DETAILED DESCRIPTION OF THE PREFERRED EMBODIMENTS An embodiment of the present invention will be described below with reference to FIGS. In FIG. 1 showing the basic configuration of an AC adapter according to the present invention, reference numerals 1, 1 'denote primary connectors as power plugs connected to an AC power supply 2,
The AC power applied from the AC power supply 2 via the primary connectors 1 and 1 'is constituted by a main converter for generating a DC output voltage + V and a sub converter for generating DC test voltages + Vt and -Vt. Is converted into a predetermined DC power by the AC-DC conversion unit 3 and the secondary connectors 4, 4 '.
Output in between. Reference numeral 5 denotes a voltage setting unit connected to the AC-DC conversion unit 3. By operating a changeover switch (not shown) provided in the voltage setting unit 5, the voltage setting unit 5 responds to a load-side required voltage described later. Thus, the DC output voltage + V can be appropriately set and changed.
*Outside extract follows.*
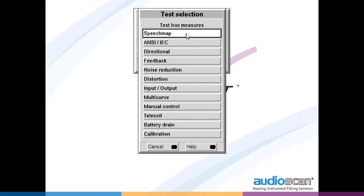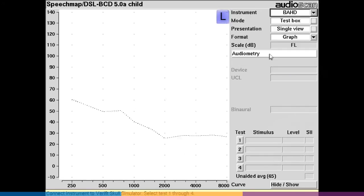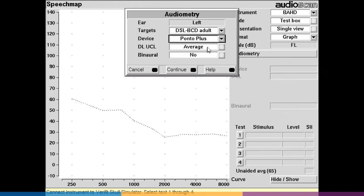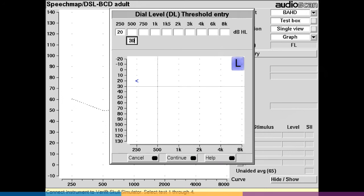Select speech map from the menu. From the instrument drop-down list, select BAHD, then select continue. Select audiometry on the speech map screen. Select the desired fitting rule: DSL-BCD adult, DSL-BCD child, or none. Select the device to be verified from the drop-down device list. If you will be entering dial level UCLs, change the setting from average to enter. Select yes or no for binaural summation correction — note this is only available for the adult formula. Select continue, then enter the dial level thresholds by clicking on the graph. Note dial level values are obtained from abutment-based BAHD generated audiometry in the manufacturer's fitting software. Select continue.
AC-D
A DC output voltage + V line between the C converter 3 and the secondary connector 4 is provided as a switch for supplying / cutting off the DC output voltage + V between the secondary connectors 4 and 4 ′.
Of the main relay contacts 6 are inserted and connected.

Reference numeral 7 denotes a test voltage switching relay for selectively supplying a DC test voltage + Vt or a DC test voltage -Vt for polarity determination between the secondary connectors 4, 4 'when the main relay contact 6 is turned off. It is a contact point. The common terminal of the test voltage switching relay contact 7 and the DC output voltage + V
A series circuit of a current limiting resistor 8 and a test current measuring unit 9 for detecting a test current flowing through the resistor 8 line is connected between the lines. 10 is the secondary connector 4, 4
, A load-end voltage measuring unit for detecting a load-side voltage connected to the load current measuring unit, and a load-current measuring unit 11 for detecting a load current. These test-current measuring unit 9, load-end-voltage measuring unit 10, and load-current measuring unit A detection signal from 11 is input to a CPU 12 as a control unit having a built-in input / output interface (not shown). On the other hand, reference numeral 13 denotes a polarity switching relay contact for switching the polarity of the DC output voltage + V from the secondary side connectors 4, 4 'to the load side as an output polarity switching unit. Although not specifically shown in the drawing, the polarity switching relay contact 13
, Together with the main relay contact 6 and the test voltage switching relay contact 7, are operated by a relay drive signal output from the CPU 12. Also, CPU
A display unit 14 such as an LED is connected to 12 so that the polarity on the load side is displayed.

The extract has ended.